> WORK TO COMPLETE:
Down to the last line, write out the entries below exactly and omit all pictures.

> DATA FOR PROCESSING:
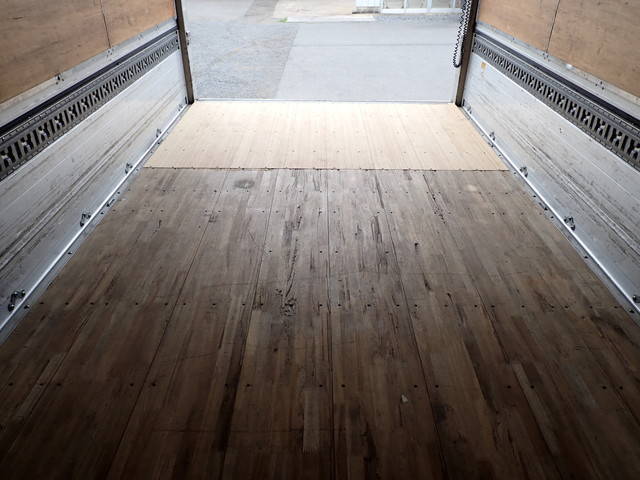 三菱ふそうファイターアルミウイング中型（4t）[写真13]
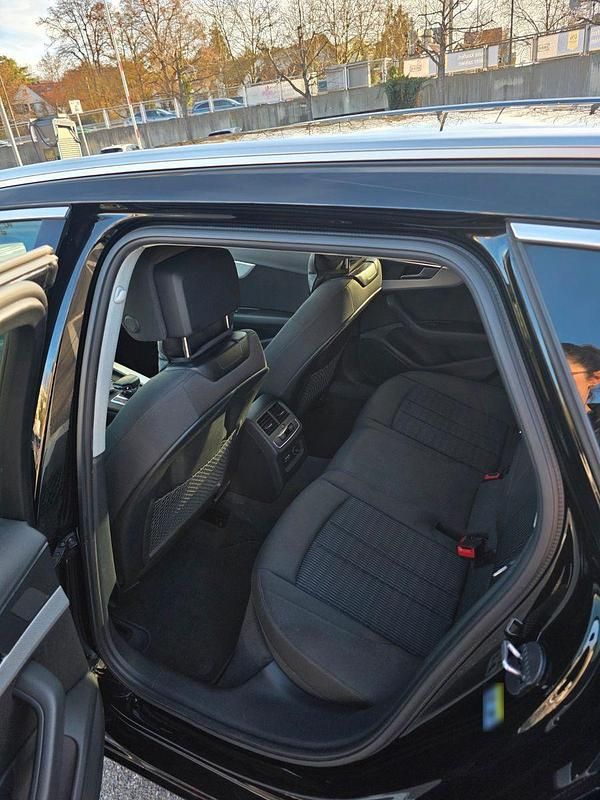 Gebraucht Audi A4 Ambiente 231 PS (169 kW) 2019 Schwarz Kombi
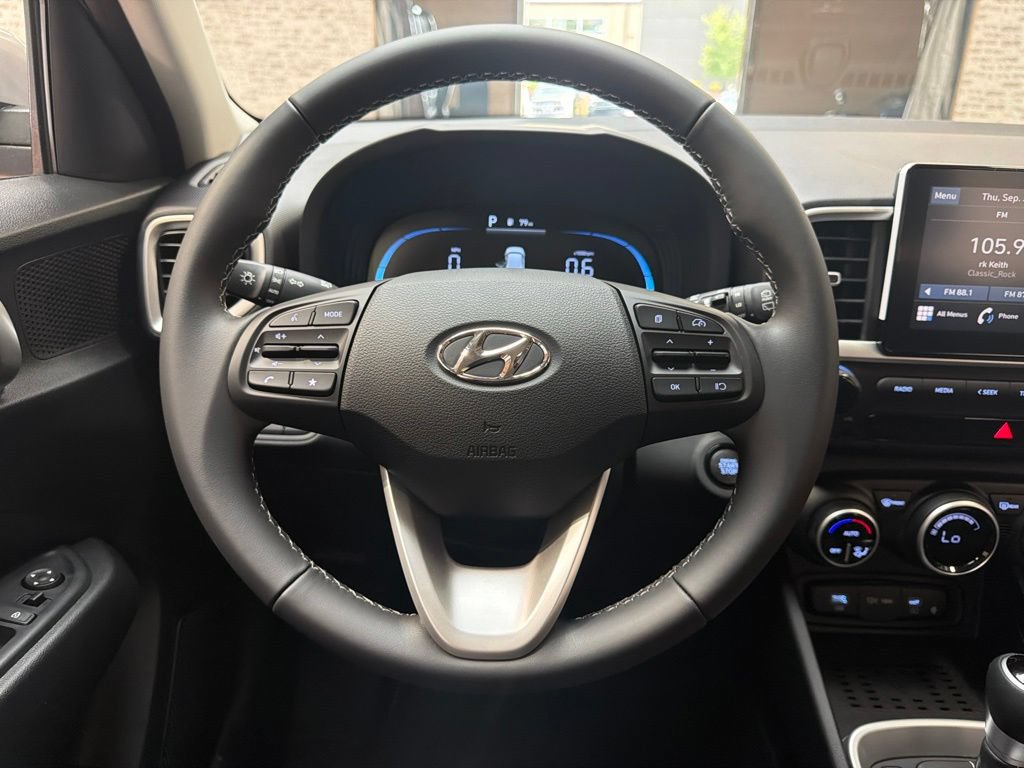 New 2026 Hyundai Venue SEL FWD image 20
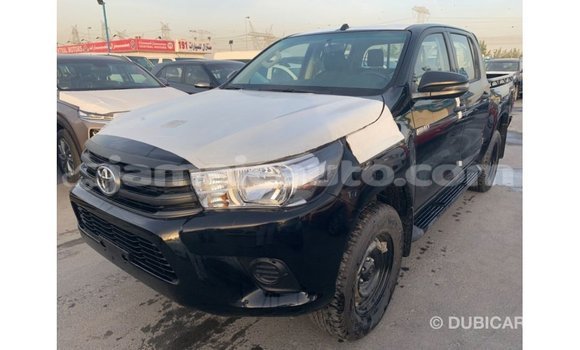 Acheter Import Voiture Toyota Hilux Noir à Import - Dubai, Clarendon Acheter Import Voiture Toyota Hilux Noir à Import - Dubai, Clarendon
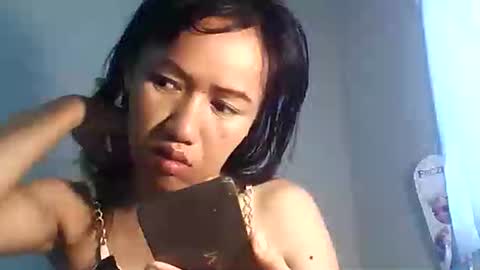 Bee Bee online show from October 2025 03:29:02 AM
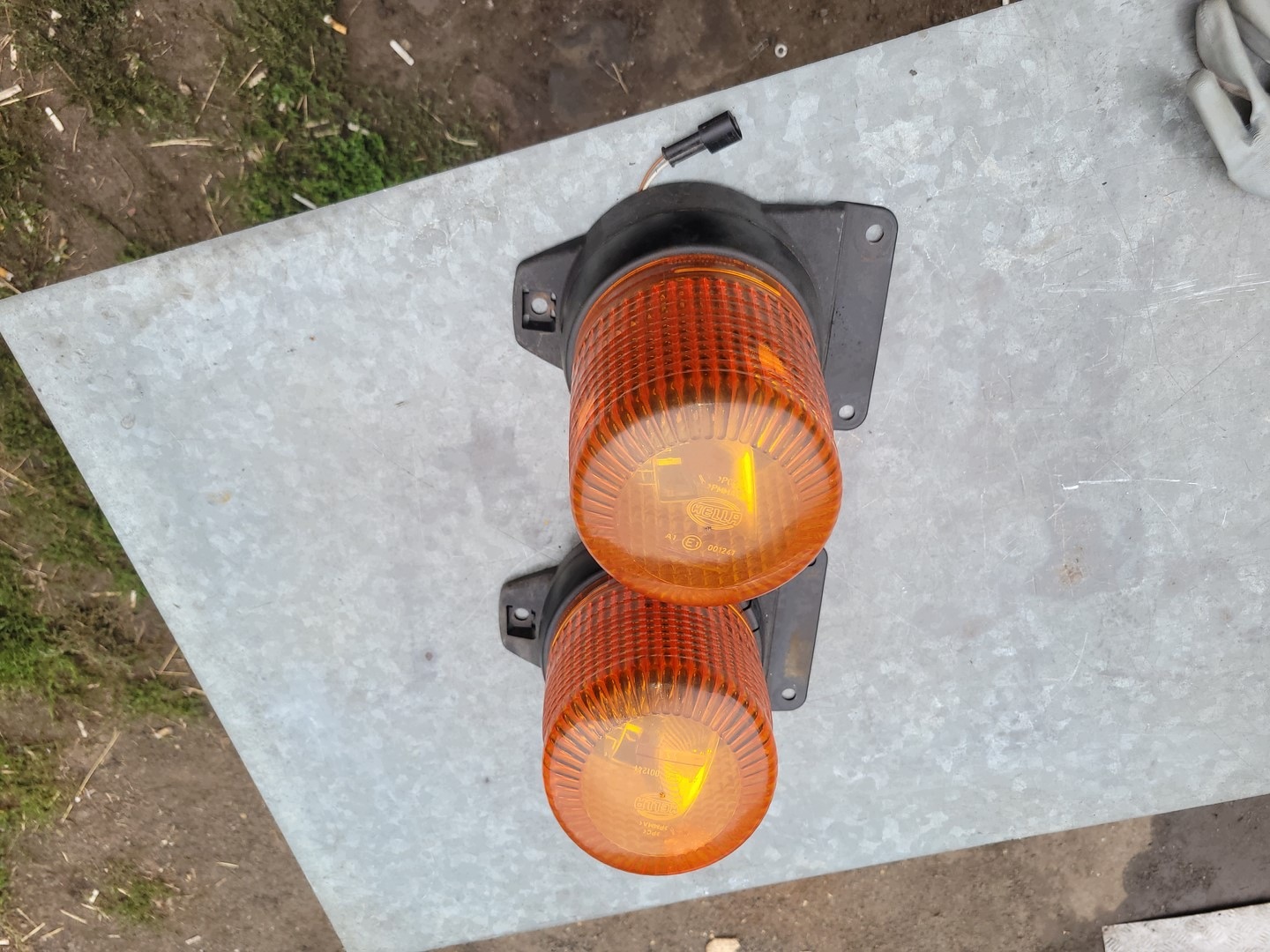 MAN TGS/TGA Warnleuchte HELLA 81.25207.0013 OEM 8996554747000 image 8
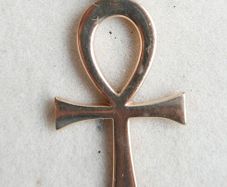 Vintage 9Ct Gold Large Egyptian Ankh Cross Pendant with Gold Chain length 18" - 3,2g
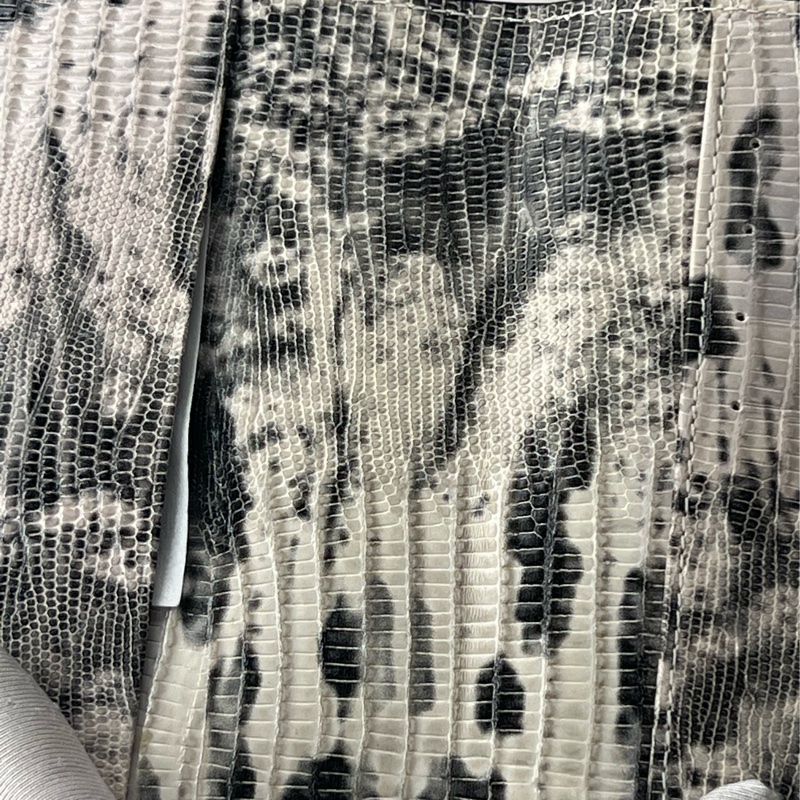 💗香緹國際精品💗 754 MCM 蟒蛇壓紋 護照套-5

> RESULT OF THE TASK:
 三菱ふそうファイターアルミウイング中型（4t）[写真13]
 Gebraucht Audi A4 Ambiente 231 PS (169 kW) 2019 Schwarz Kombi
 New 2026 Hyundai Venue SEL FWD image 20
 Acheter Import Voiture Toyota Hilux Noir à Import - Dubai, Clarendon Acheter Import Voiture Toyota Hilux Noir à Import - Dubai, Clarendon
 Bee Bee online show from October 2025 03:29:02 AM
 MAN TGS/TGA Warnleuchte HELLA 81.25207.0013 OEM 8996554747000 image 8
 Vintage 9Ct Gold Large Egyptian Ankh Cross Pendant with Gold Chain length 18" - 3,2g
 💗香緹國際精品💗 754 MCM 蟒蛇壓紋 護照套-5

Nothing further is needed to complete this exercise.